--- START ---
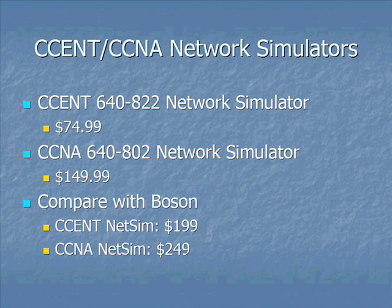Now look at these price points. $74.99 for CCENT, $150 for the CCNA. You see that that really compares very favorably with our chief competitor in this space, the Boson products. Their CCENT NetSim is a little under $200. Their CCNA NetSim is a little under $250. Now I've used the Boson products heavily. I know all those folks personally as well. We'll just leave it up to you as the customer to evaluate both of these and see how they stack up.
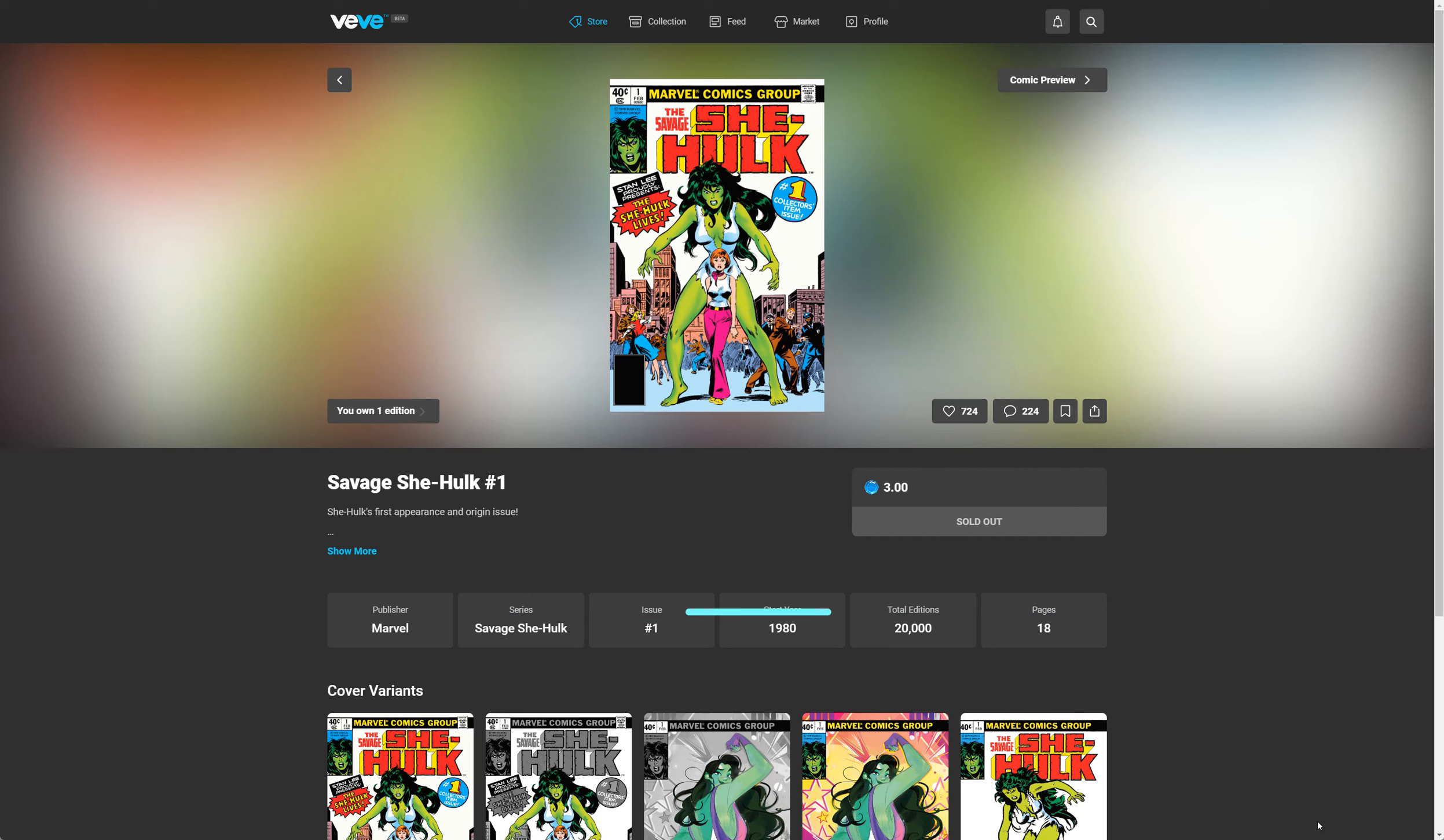Hey, what's up everybody? Welcome to another edition of VB Comic Talk. It's Thursday, August 18th and Savage She-Hulk number one dropped today.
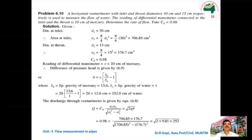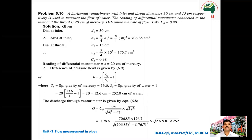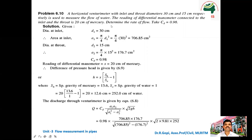Dear student, in this section we will see the problems in the venturi meter. Last section we saw the derivation for the venturi meter. So coefficient of discharge is equal to Q actual divided by Q theoretical. So the first problem I will read — please follow. A horizontal venturi meter with inlet and throat diameter 30 centimeter and 15 centimeter respectively is used to measure the flow of water. The reading of the differential manometer connected to the inlet and throat is 20 centimeter of mercury. Take Cd equal to 0.98.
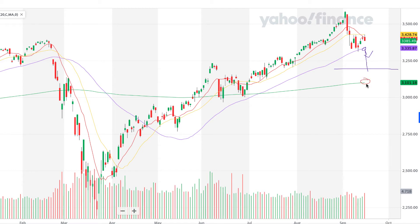Ultimately we could end up at 3,100, and I think at those levels there may be good buying opportunities. Another reason why I'd be a little bit anxious about it is if we bring in the Nasdaq index — just to give you a look at that chart.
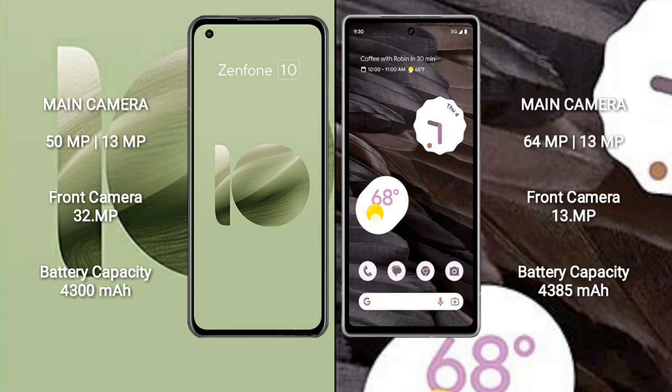Asus Zenfone 10 has a 4300 mAh battery with 30W fast charging support. Google Pixel 7a has a 4385 mAh battery with 18W fast charging support.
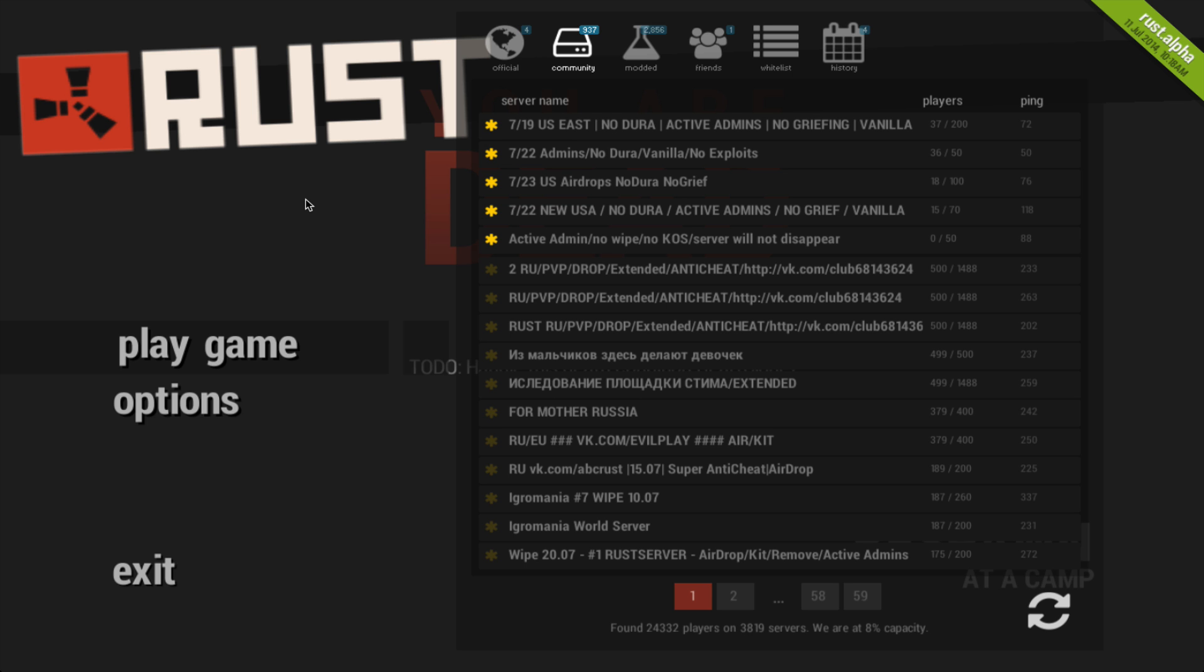Hi everyone, this is Anson from AnsonAlex.com and in this video I'm going to talk about some things that you can do if you're playing the game Rust and your server list isn't loading or the specific server you're looking for isn't showing up in the list.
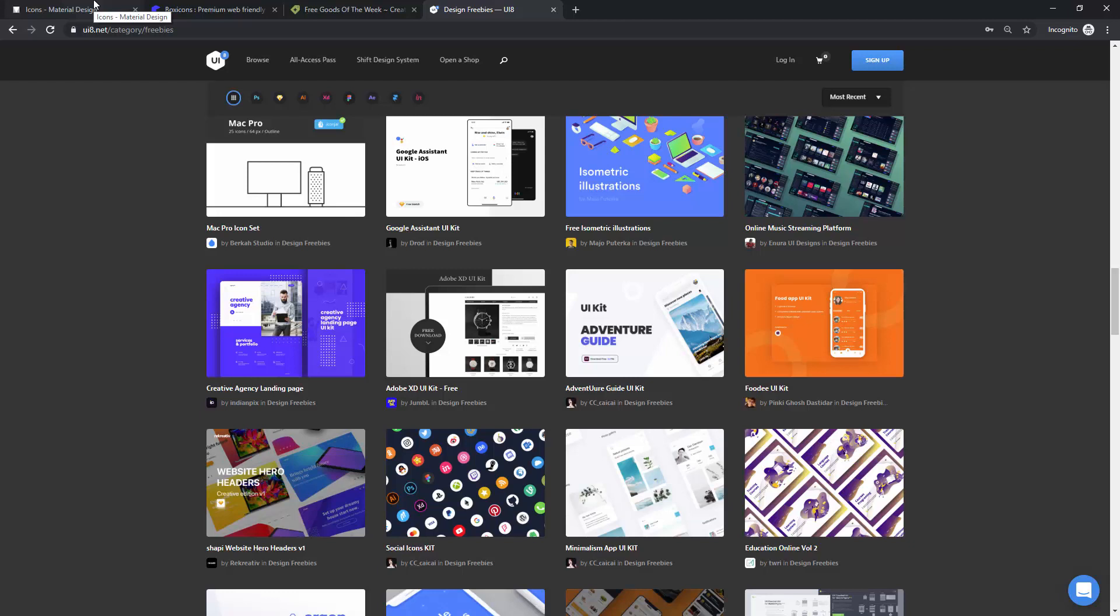In the next video, we are going to talk about illustrations, where you can find them, and how you can use them inside Adobe XD. So, I'll see you there!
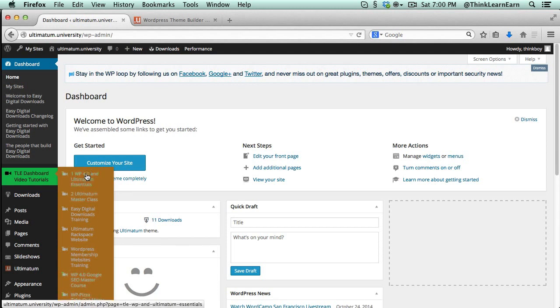Including Easy Digital Downloads, WordPress membership sites, Google SEO, how to make a delivery takeout menu - it's all right there in your dashboard. This is a total game changer. Now if you're a web developer, here's what's in it for you.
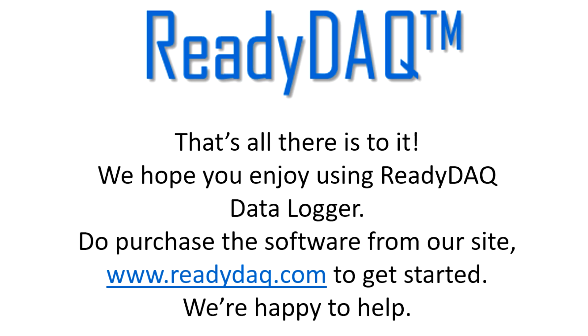That's all there is. We hope you enjoy using ReadyDAC Data Logger. Do purchase the software from our site, www.readydac.com, to get started. We're happy to help.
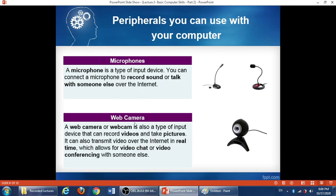The webcam or web camera is also a type of input device because it can record videos and take pictures. If your desktop or laptop comes without a camera, you can get an external webcam, connect it to your computer, and use it for taking pictures or recording video. Webcams can also transmit video over the internet in real time, which allows for video chat or video conferencing — like what we do these days using Zoom or Google Meet — so we can carry on a real-time conversation.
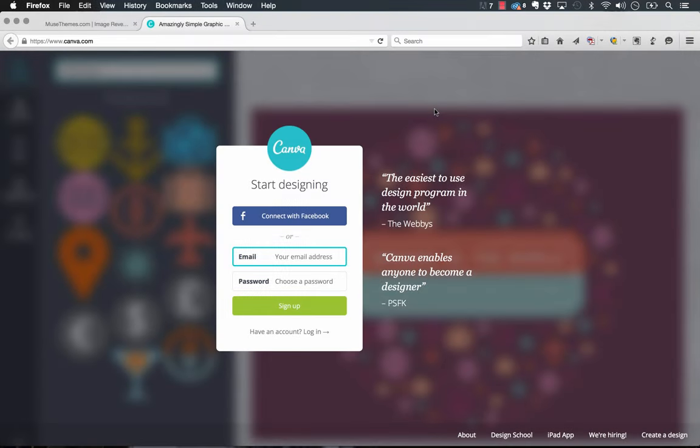Hey guys, Steve here with MuseThemes. A user recently sent us this site which is called Canva, a simple graphic design tool that you can use on the web.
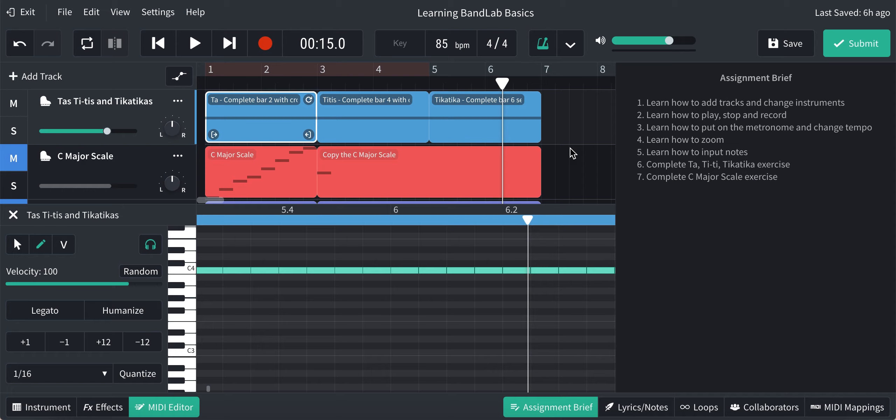Hi again, this is BandLab Basics 3, so this is just to do exercise number 7 here. This is to complete the C major scale exercise. This is the assignment brief, I'm going to click that off.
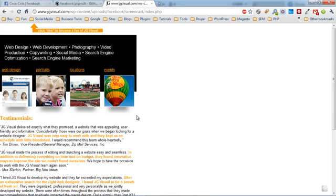One thing to remember is that we want to make sure we test the page in all browsers. While we're only testing here in Chrome, we want to make sure we're testing in Safari, Firefox, Internet Explorer, and Opera to ensure the page looks and functions exactly how we want it to.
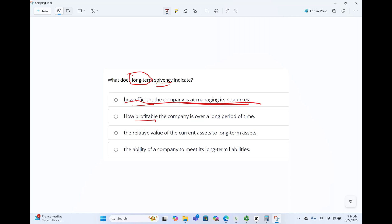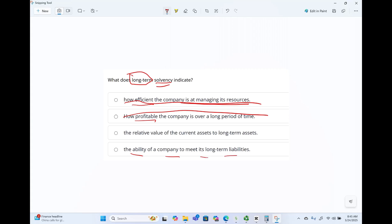How profitable? That's measuring profitability — how profitable for a period of time — but it's profit, not solvency. That's out. The relative value of current assets to long-term assets is basically a ratio. It doesn't tell you much about long-term solvency because it's about how much current assets you have relative to long-term assets — nothing to do with surviving in the long-term. Is it the ability of a company to meet its long-term obligation? Yes. Solvency deals with long-term liabilities — can you survive in the long-term to meet your obligations? Solvency helps you make that determination.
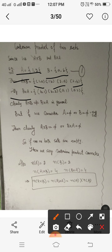Similarly, B cross A is the set of all ordered pairs whose first entries are from set B and second from set A — that is {(b,1), (b,2), (a,1), (a,2)}. Clearly, A cross B does not equal B cross A in general.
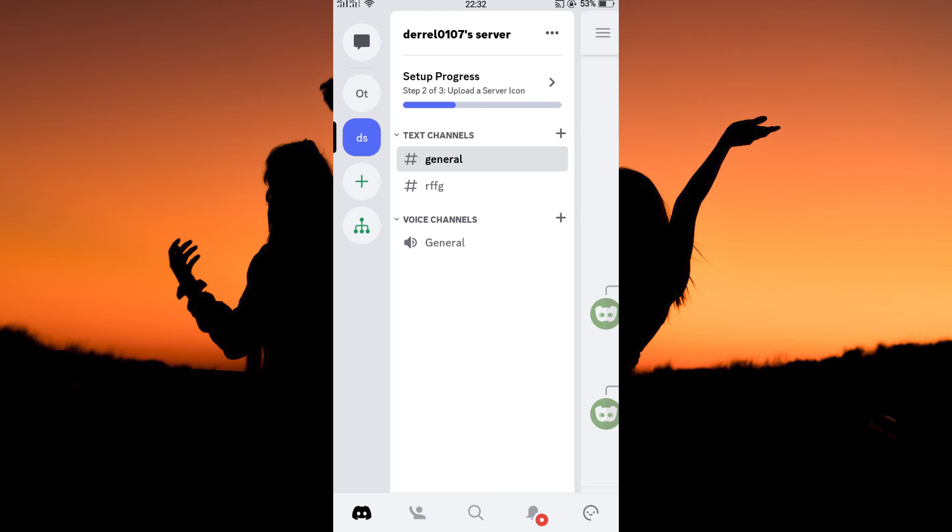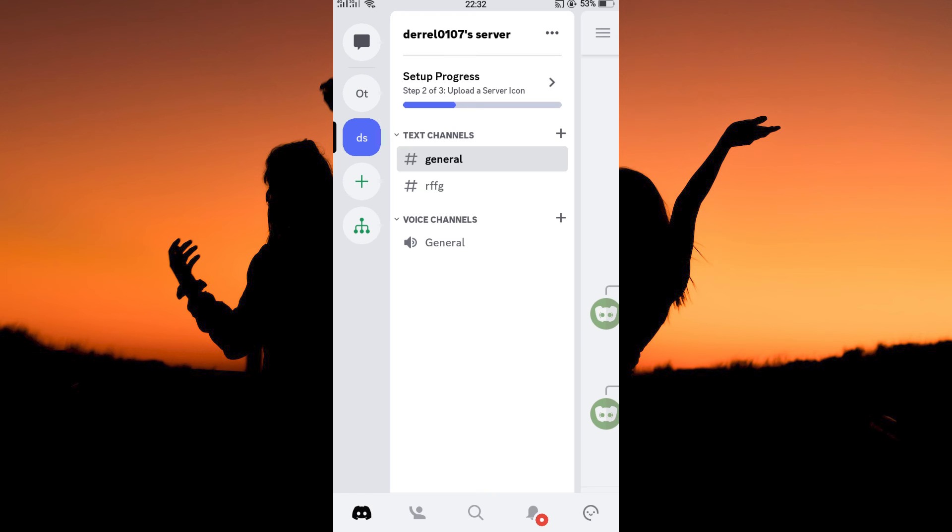Now open your Discord app. First, you need to log in to your Discord app. Once you have logged in, the homepage will open. So, is it possible to make someone admin on Discord? The answer is yes. Follow keenly to find out how you can do this.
--- END ---
Write the material out again exactly. Do not include the pictures.

Now look at these price points. $74.99 for CCENT, $150 for the CCNA. You see that that really compares very favorably with our chief competitor in this space, the Boson products. Their CCENT NetSim is a little under $200. Their CCNA NetSim is a little under $250. Now I've used the Boson products heavily. I know all those folks personally as well. We'll just leave it up to you as the customer to evaluate both of these and see how they stack up.
Hey, what's up everybody? Welcome to another edition of VB Comic Talk. It's Thursday, August 18th and Savage She-Hulk number one dropped today.
Dear student, in this section we will see the problems in the venturi meter. Last section we saw the derivation for the venturi meter. So coefficient of discharge is equal to Q actual divided by Q theoretical. So the first problem I will read — please follow. A horizontal venturi meter with inlet and throat diameter 30 centimeter and 15 centimeter respectively is used to measure the flow of water. The reading of the differential manometer connected to the inlet and throat is 20 centimeter of mercury. Take Cd equal to 0.98.
Ultimately we could end up at 3,100, and I think at those levels there may be good buying opportunities. Another reason why I'd be a little bit anxious about it is if we bring in the Nasdaq index — just to give you a look at that chart.
Asus Zenfone 10 has a 4300 mAh battery with 30W fast charging support. Google Pixel 7a has a 4385 mAh battery with 18W fast charging support.
Hi everyone, this is Anson from AnsonAlex.com and in this video I'm going to talk about some things that you can do if you're playing the game Rust and your server list isn't loading or the specific server you're looking for isn't showing up in the list.
In the next video, we are going to talk about illustrations, where you can find them, and how you can use them inside Adobe XD. So, I'll see you there!
Including Easy Digital Downloads, WordPress membership sites, Google SEO, how to make a delivery takeout menu - it's all right there in your dashboard. This is a total game changer. Now if you're a web developer, here's what's in it for you.
That's all there is. We hope you enjoy using ReadyDAC Data Logger. Do purchase the software from our site, www.readydac.com, to get started. We're happy to help.
The webcam or web camera is also a type of input device because it can record videos and take pictures. If your desktop or laptop comes without a camera, you can get an external webcam, connect it to your computer, and use it for taking pictures or recording video. Webcams can also transmit video over the internet in real time, which allows for video chat or video conferencing — like what we do these days using Zoom or Google Meet — so we can carry on a real-time conversation.
Hey guys, Steve here with MuseThemes. A user recently sent us this site which is called Canva, a simple graphic design tool that you can use on the web.
Hi again, this is BandLab Basics 3, so this is just to do exercise number 7 here. This is to complete the C major scale exercise. This is the assignment brief, I'm going to click that off.
One thing to remember is that we want to make sure we test the page in all browsers. While we're only testing here in Chrome, we want to make sure we're testing in Safari, Firefox, Internet Explorer, and Opera to ensure the page looks and functions exactly how we want it to.
How profitable? That's measuring profitability — how profitable for a period of time — but it's profit, not solvency. That's out. The relative value of current assets to long-term assets is basically a ratio. It doesn't tell you much about long-term solvency because it's about how much current assets you have relative to long-term assets — nothing to do with surviving in the long-term. Is it the ability of a company to meet its long-term obligation? Yes. Solvency deals with long-term liabilities — can you survive in the long-term to meet your obligations? Solvency helps you make that determination.
Similarly, B cross A is the set of all ordered pairs whose first entries are from set B and second from set A — that is {(b,1), (b,2), (a,1), (a,2)}. Clearly, A cross B does not equal B cross A in general.
Now open your Discord app. First, you need to log in to your Discord app. Once you have logged in, the homepage will open. So, is it possible to make someone admin on Discord? The answer is yes. Follow keenly to find out how you can do this.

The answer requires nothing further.